如何使用python有条件地从txt文件中删除行序列

2024-06-28 11:33:58 发布

您现在位置:Python中文网/ 问答频道 /正文

我从MS-DIAL metabolomics MSP spectral kit containing EI-MS, MS/MS下载了一个大文本文件

该文件将作为化合物的txt文件打开,如下所示:

NAME: C11H11NO5; PlaSMA ID-967
PRECURSORMZ: 238.0712
PRECURSORTYPE: [M+H]+
FORMULA: C11H11NO5
Ontology: Formula predicted
INCHIKEY:
SMILES:
RETENTIONTIME: 1.74
CCS: -1
IONMODE: Positive
COLLISIONENERGY:
Comment: Annotation level-3; PlaSMA ID-967; ID title-AC_Bulb_Pos-629; Max plant tissue-LE_Ripe_Pos
Num Peaks: 2
192.06602   53
238.0757    31

NAME: Malvidin-3,5-di-O-glucoside; PlaSMA ID-3141
PRECURSORMZ: 656.19415
PRECURSORTYPE: [M+H]+
FORMULA: C29H35O17
Ontology: Anthocyanidin O-glycosides
INCHIKEY: CILLXFBAACIQNS-UHFFFAOYNA-O
SMILES: COC1=CC(=CC(OC)=C1O)C1=C(OC2OC(CO)C(O)C(O)C2O)C=C2C(OC3OC(CO)C(O)C(O)C3O)=CC(O)=CC2=[O+]1
RETENTIONTIME: 2.81
CCS: 241.3010517
IONMODE: Positive
COLLISIONENERGY:
Comment: Annotation level-1; PlaSMA ID-3141; ID title-Malvidin-3,5-di-O-glucoside; Max plant tissue-Standard only
Num Peaks: 0

每个化合物都有从NAME到下一个NAME之间的数据

我想做的是删除所有在Num Peaks:中值为零的化合物(即Num Peaks: 0。如果化合物的12行是Num Peaks: 0,删除所有化合物的数据-向上删除12行)

在上面的化合物中,删除NAME: Malvidin-3,5-di-O-glucoside; PlaSMA ID-3141Num Peaks: 0之间的行是很重要的 之后,我需要将数据保存回txt或msp格式

我所做的只是将数据作为列表导入:

with open('path\to\MSMS-Public-Pos-VS15.msp') as f:
    lines = f.readlines()

然后创建一个包含索引的列表,其中每个复合开头link

indices = [i for i, s in enumerate(lines) if 'NAME' in s]

我想,现在我需要附加连续的索引,差值大于14(意味着峰值num大于零)link

# to find the difference between consecutive indices.

v = np.diff(indices)

选择那些有差异的14 并在第一个位置添加一个元素零


diff14 = np.where(v == 14)

diff14 = np.append([0],diff14[0])

现在我只想选择那些不在diff14中的值,以便创建一个包含峰数大于零的化合物的新列表

现在我需要一些循环来选择正确的索引,但不知道如何:

lines[indices[diff14[0]]: indices[diff14[1]]]

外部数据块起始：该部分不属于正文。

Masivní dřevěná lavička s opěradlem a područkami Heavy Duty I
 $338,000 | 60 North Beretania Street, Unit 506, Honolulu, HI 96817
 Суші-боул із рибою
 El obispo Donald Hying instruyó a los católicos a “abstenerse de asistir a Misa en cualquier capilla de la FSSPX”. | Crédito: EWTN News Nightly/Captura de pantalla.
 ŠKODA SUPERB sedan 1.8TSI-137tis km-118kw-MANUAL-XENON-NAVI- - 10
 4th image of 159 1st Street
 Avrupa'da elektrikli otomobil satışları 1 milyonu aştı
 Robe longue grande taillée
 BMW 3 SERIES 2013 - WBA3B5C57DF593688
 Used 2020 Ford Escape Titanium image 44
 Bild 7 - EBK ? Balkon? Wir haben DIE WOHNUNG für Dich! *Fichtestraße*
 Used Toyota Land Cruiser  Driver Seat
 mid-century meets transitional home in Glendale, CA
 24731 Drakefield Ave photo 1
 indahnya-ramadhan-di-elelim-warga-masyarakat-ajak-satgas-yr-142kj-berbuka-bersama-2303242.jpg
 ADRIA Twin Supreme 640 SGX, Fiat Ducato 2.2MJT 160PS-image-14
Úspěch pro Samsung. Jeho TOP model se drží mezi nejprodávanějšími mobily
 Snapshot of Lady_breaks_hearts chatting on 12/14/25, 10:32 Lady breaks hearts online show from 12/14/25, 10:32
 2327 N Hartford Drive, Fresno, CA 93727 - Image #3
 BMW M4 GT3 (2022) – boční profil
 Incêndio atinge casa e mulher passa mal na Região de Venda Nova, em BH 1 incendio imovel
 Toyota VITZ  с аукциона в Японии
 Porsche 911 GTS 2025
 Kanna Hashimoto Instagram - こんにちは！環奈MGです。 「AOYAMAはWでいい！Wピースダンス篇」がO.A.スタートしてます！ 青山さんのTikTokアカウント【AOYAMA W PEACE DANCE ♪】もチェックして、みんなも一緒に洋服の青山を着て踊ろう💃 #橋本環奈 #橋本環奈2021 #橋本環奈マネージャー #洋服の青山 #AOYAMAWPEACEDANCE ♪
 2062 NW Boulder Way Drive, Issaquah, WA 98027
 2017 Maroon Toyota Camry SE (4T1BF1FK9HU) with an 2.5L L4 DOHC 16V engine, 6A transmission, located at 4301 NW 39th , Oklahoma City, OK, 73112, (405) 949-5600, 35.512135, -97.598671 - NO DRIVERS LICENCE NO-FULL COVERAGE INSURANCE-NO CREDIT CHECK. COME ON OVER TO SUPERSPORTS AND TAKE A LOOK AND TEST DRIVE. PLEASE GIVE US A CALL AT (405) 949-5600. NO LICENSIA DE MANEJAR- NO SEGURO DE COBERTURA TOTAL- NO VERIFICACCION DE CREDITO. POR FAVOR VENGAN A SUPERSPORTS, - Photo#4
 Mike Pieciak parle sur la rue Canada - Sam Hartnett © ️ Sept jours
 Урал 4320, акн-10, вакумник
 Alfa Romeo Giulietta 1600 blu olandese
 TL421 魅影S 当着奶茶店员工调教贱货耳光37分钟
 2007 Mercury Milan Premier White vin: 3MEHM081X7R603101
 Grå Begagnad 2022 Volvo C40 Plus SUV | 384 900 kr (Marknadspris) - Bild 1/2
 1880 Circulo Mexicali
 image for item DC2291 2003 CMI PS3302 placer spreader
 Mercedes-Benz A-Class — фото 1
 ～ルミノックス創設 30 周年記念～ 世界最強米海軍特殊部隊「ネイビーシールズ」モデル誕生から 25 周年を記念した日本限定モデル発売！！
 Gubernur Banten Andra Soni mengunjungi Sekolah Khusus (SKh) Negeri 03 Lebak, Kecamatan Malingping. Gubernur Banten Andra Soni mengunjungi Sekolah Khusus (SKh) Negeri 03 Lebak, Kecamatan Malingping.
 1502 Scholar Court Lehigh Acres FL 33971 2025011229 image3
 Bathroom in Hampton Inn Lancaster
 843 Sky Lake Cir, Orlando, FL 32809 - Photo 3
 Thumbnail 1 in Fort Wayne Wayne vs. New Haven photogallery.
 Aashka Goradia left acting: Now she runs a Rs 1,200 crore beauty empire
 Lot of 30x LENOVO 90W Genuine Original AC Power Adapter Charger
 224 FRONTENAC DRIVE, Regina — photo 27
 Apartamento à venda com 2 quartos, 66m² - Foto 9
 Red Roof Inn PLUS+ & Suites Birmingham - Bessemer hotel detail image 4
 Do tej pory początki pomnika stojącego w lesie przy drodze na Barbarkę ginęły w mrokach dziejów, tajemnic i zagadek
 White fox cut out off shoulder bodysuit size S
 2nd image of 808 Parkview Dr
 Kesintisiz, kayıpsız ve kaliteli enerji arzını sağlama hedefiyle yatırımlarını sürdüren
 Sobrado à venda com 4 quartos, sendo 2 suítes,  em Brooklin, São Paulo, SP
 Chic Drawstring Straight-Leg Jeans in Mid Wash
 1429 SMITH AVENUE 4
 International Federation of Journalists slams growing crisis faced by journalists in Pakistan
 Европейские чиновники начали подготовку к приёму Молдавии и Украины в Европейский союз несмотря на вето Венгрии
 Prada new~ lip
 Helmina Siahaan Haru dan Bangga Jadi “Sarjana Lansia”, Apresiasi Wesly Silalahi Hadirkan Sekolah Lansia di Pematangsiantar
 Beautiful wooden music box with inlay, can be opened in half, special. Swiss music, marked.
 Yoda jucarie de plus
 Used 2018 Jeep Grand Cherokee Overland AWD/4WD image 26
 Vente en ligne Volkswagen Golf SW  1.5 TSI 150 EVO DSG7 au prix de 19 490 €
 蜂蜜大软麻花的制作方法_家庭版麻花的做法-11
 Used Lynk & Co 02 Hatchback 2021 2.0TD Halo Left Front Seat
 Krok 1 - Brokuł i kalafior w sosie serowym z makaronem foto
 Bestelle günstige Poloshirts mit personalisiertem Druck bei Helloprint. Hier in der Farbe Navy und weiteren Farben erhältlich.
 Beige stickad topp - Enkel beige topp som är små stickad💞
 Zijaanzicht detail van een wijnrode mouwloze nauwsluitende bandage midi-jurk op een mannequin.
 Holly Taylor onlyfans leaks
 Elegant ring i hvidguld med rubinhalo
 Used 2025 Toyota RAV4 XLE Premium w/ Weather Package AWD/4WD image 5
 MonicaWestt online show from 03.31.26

lines[indices[diff14[1]+1] : indices[diff14[2]]]

lines[indices[diff14[2]+1] : lines[indices[diff14[3]]]]

lines[indices[diff14[3]+1] : indices[diff14[4]]]

如有任何更好的想法或提示,我们将不胜感激


Tags: 数据nameposidnummslinesplasma
3条回答

下面是一种处理文件的相当简单的方法

打开数据文件并遍历其行,将它们存储在列表(缓存)中。如果一行以NAME:开头,则该行是新记录的开头,如果缓存不是空的,则可以打印缓存

如果该行以Num Peaks:开头,则检查该值。如果为零,则缓存被清空,导致此记录被遗忘

跳过仅包含空格的行

with open('data') as f:
    line_cache = []
    for line in f:
        if line.startswith('NAME:'):
            if line_cache:
                print(*line_cache, sep='')
                line_cache = []
        elif line.startswith('Num Peaks:'):
            num_peaks = int(line.partition(': ')[2])
            if num_peaks == 0:
                line_cache = []
                continue

        if line.strip():        # filter empty lines
            line_cache.append(line)

    if line_cache:    # don't forget the last record
        print(*line_cache, sep='', end='')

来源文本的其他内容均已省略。